Während der Unterschied zwischen Franken und Galloromanen allmählich schwand, aber nicht die unterschiedliche Gesetzgebung, blieben die äußeren Grenzen des Merowingerreichs, wie sie waren, und zwar bis zum Ende der Merowingerzeit. Gewiß gab es politische Verwicklungen, einige Attacken der Awaren in Thüringen, der Westgoten in Südfrankreich, auch ein paar fränkische Ausfälle, Raubzüge jenseits der Grenzen. Aber nicht mehr um Expansion nach außen ging es vor allem, um Erweiterung des Gesamtreiches, das Unterwerfen und Schröpfen fremder, ferner Nachbarn, sondern die Könige, vier wieder, und ihre vielen Nachfolger suchten ihren Besitz, ihre Teilreiche, auf Kosten der anderen Teilreiche zu vergrößern und diese nahezu ununterbrochen und auf jede Weise zu schädigen, zu schwächen; kurz, jeder erstrebte die Vorherrschaft.
So kam es im späteren 6. und frühen 7. Jahrhundert, als fast alle Merowingerfürsten vorzeitig und gewaltsam starben, zu fortgesetzten Brutalitäten und Übergriffen großen Ausmaßes im Reich, wüteten fast unaufhörlich Bürger- und Beutekriege, immer neue Orte wurden eingeäschert, ganze Landstriche verheert, ungezählte Plünderungen, Verstümmelungen, Morde begangen, dazu kamen Seuchen, Hungersnöte.
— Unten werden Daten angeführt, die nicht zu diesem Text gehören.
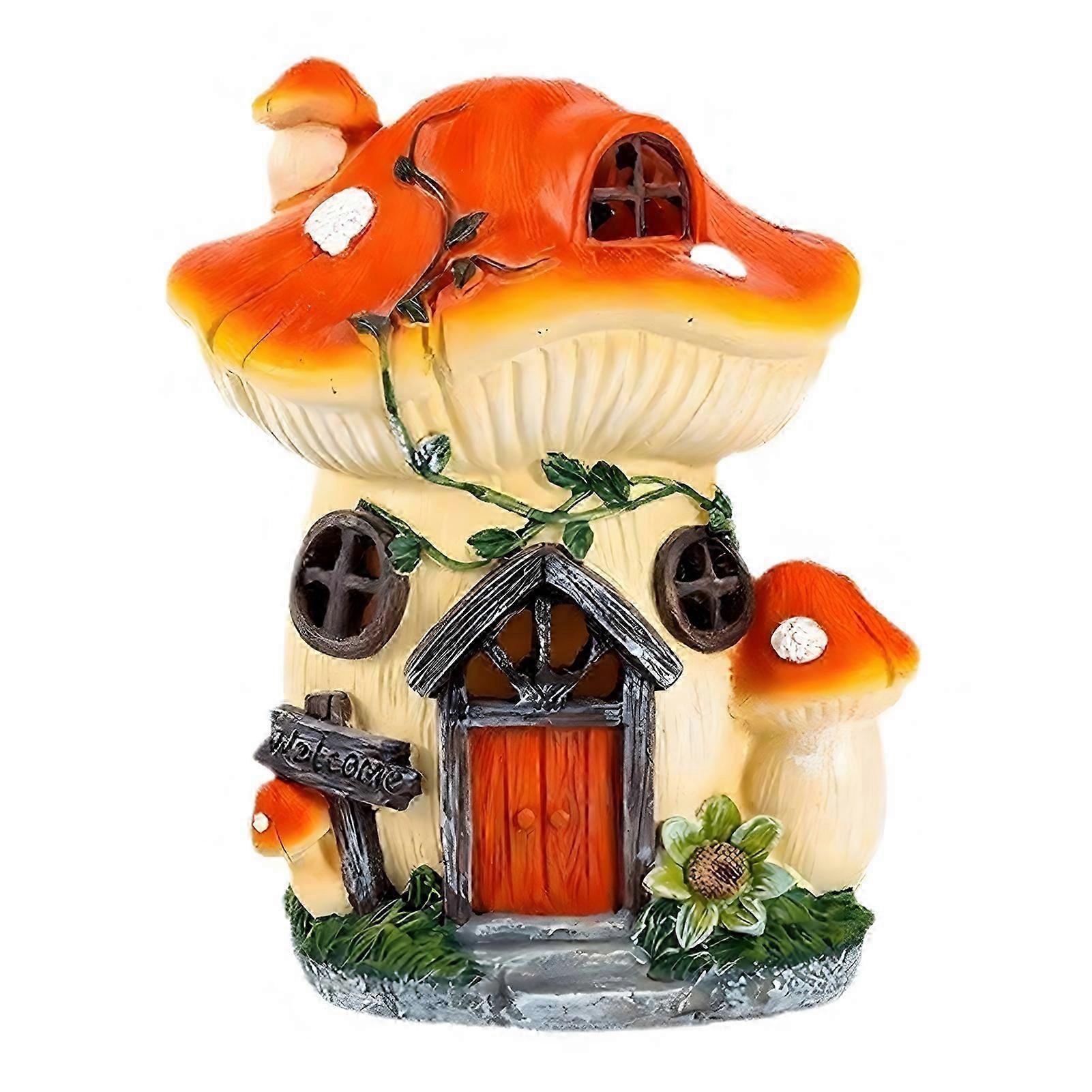 Weatherproof Solar Mushroom Light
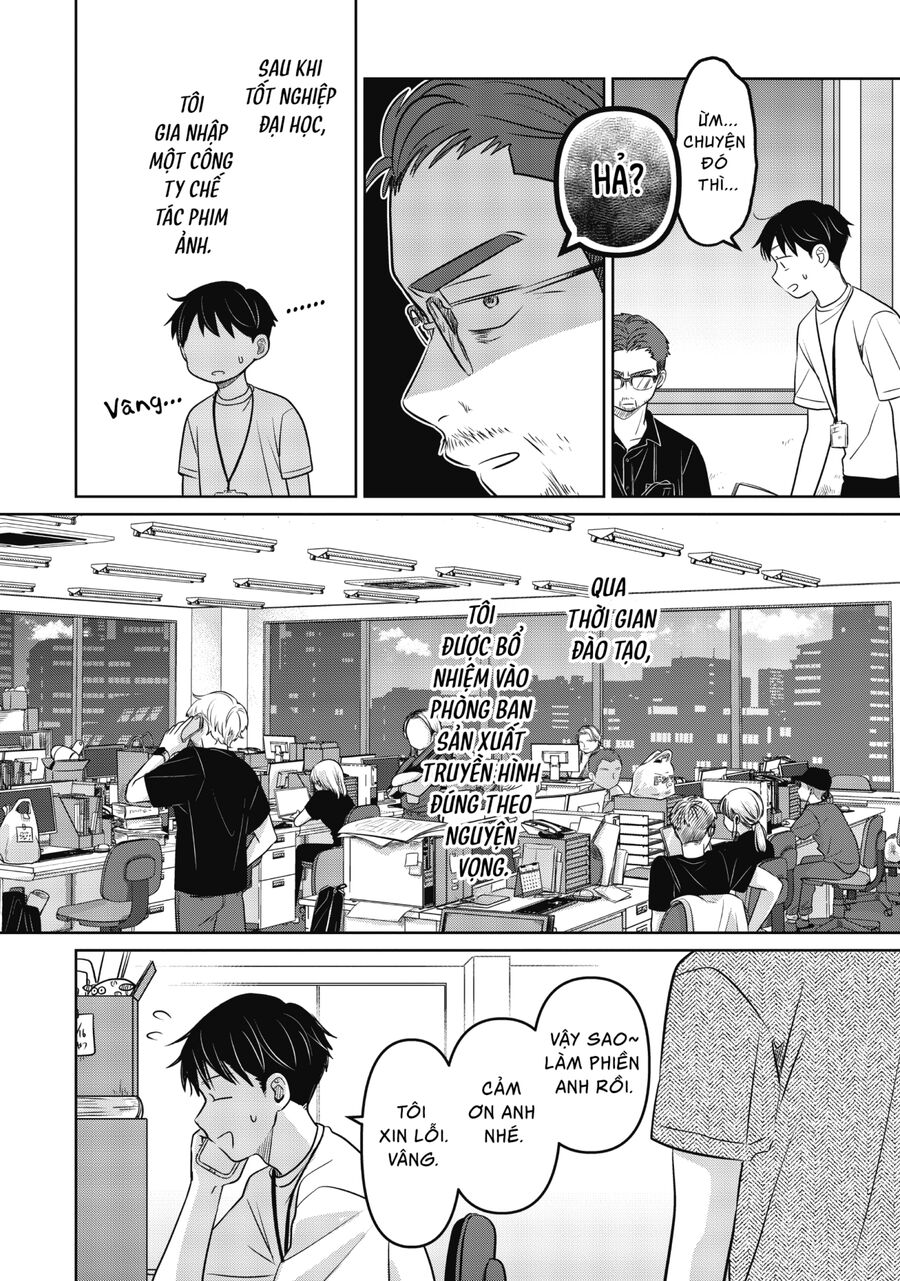 Lá Thư Tình Và Nữ Diễn Viên 13 Tuổi Chapter 21 - Trang 3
Die Bauern verkrochen sich in den Wäldern und raubten auf eigene Faust. Alle Mittel waren in diesem tobenden Hexenkessel den Kämpfenden recht, versprachen sie nur Aussicht auf Erfolg.3
Die Chlodwig-Enkel
Nach dem Ableben Chlotars I. wurde das Frankenreich in vier Teilreiche geteilt, nach dem frühen Tod seines ältesten Sohnes in drei, nach dem Tod seines zweiten Sohnes in zwei.
Zunächst teilten 561, wie schon ein halbes Jahrhundert früher nach Chlodwigs I. Abtritt, vier Erben das Reich, Chlotars I. Söhne (nach dem Alter angeführt):
Charibert I. von Paris, der schon Ende 567 starb, nachdem er seine Frau, Königin Ingoberga, verstoßen und sich mit den beiden Schwestern Meroflede und Marcovefa, einer Nonne, verbunden und in vierter Ehe Theodechilde, die Tochter eines Schafhirten, geheiratet hatte.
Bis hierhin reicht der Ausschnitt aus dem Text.